Film by David Zellner Riffs on Fargo

By: - Apr 27, 2015

"Kumiko, the Treasure Hunter" "Kumiko, the Treasure Hunter" "Kumiko, the Treasure Hunter" "Kumiko, the Treasure Hunter" "Kumiko, the Treasure Hunter"

David Zellner’s “Kumiko, the Treasure Hunter” is not an unseen phenomenon in US cinema. But in taking the true story of a Japanese woman, Takako Konishi, who went looking for the money that Carl Showalter (Steve Buscemi) hid in “Fargo,” and fictionalizing that story, the filmmakers (David Zellner and Nathan Zellner who wrote and starred in the film) create a constant vacillation between truth and fiction. An unnamed deputy/sheriff (David Zellner) who helps Kumiko (Rinko Kikuchi), or tries to, through some of the second half of the movie attempts to explain the difference between documentary or news footage and “normal movies”; ironic with the fact that Zellner is probably well-versed in many strands of film types through its history. 

Another curious thing is expressed in the painfully awkward situation with the deputy and Kumiko where he says there’s a cultural divide between them and he’s absolutely sure that in the Japanese culture what Kumiko wants to find (happiness, money, definitely not a husband as her mother keeps harking her to get) is extremely important.

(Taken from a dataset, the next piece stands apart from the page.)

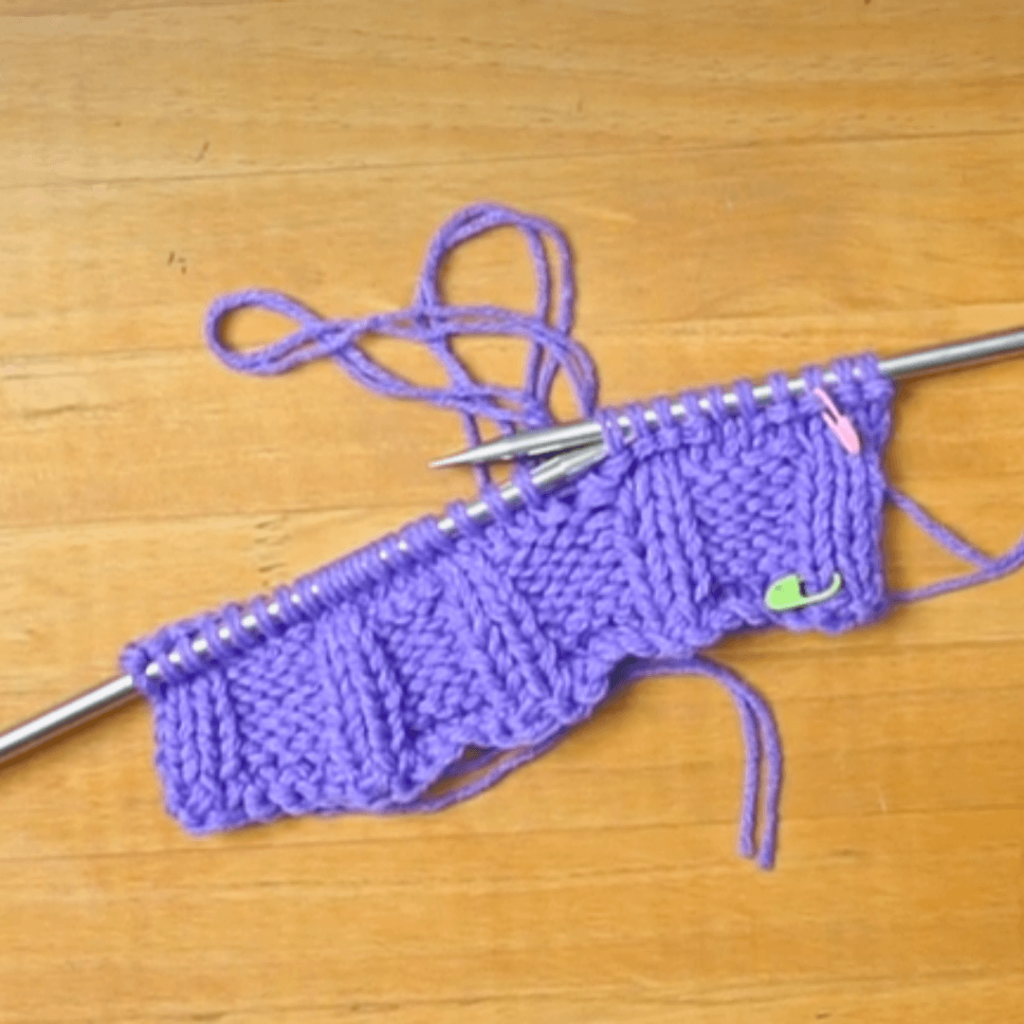 Step 3: P4, K2, PM, [P4, K2] repeat until 3 stitches remain. P4 in the last 4 stitches.

Tip: Place a stitch marker on the very first knit/purl stitch that you make on this row. This will help you with counting!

In fact, if a US citizen tried to go find the treasure from “Fargo,” they’d be institutionalized post haste. The film, in this sense, is a clever little parable about the status of dreamers in the modern world. After recently hearing it sampled in an album, I can’t help but thinking of one of the characters the Dreamer meets in Richard Linklater’s “Waking Life,”: “They say dreaming is dead, no one does it anymore. It's not dead it's just that it's been forgotten, removed from our language. Nobody teaches it so nobody knows it exists. The dreamer is banished to obscurity.”

The whole film is a kind re-creation of “Fargo” with the bleak, midwestern landscapes and the talk of the people which was fashioned very precisely to how people spoke at the ambiguous time of the turn of the century. The camera is slow; comparing a film’s movement to a river’s was a metaphor Kurosawa stole in describing Satyajit Ray’s films but this is one film that I think deserves that description. Except it is a river without a destination. 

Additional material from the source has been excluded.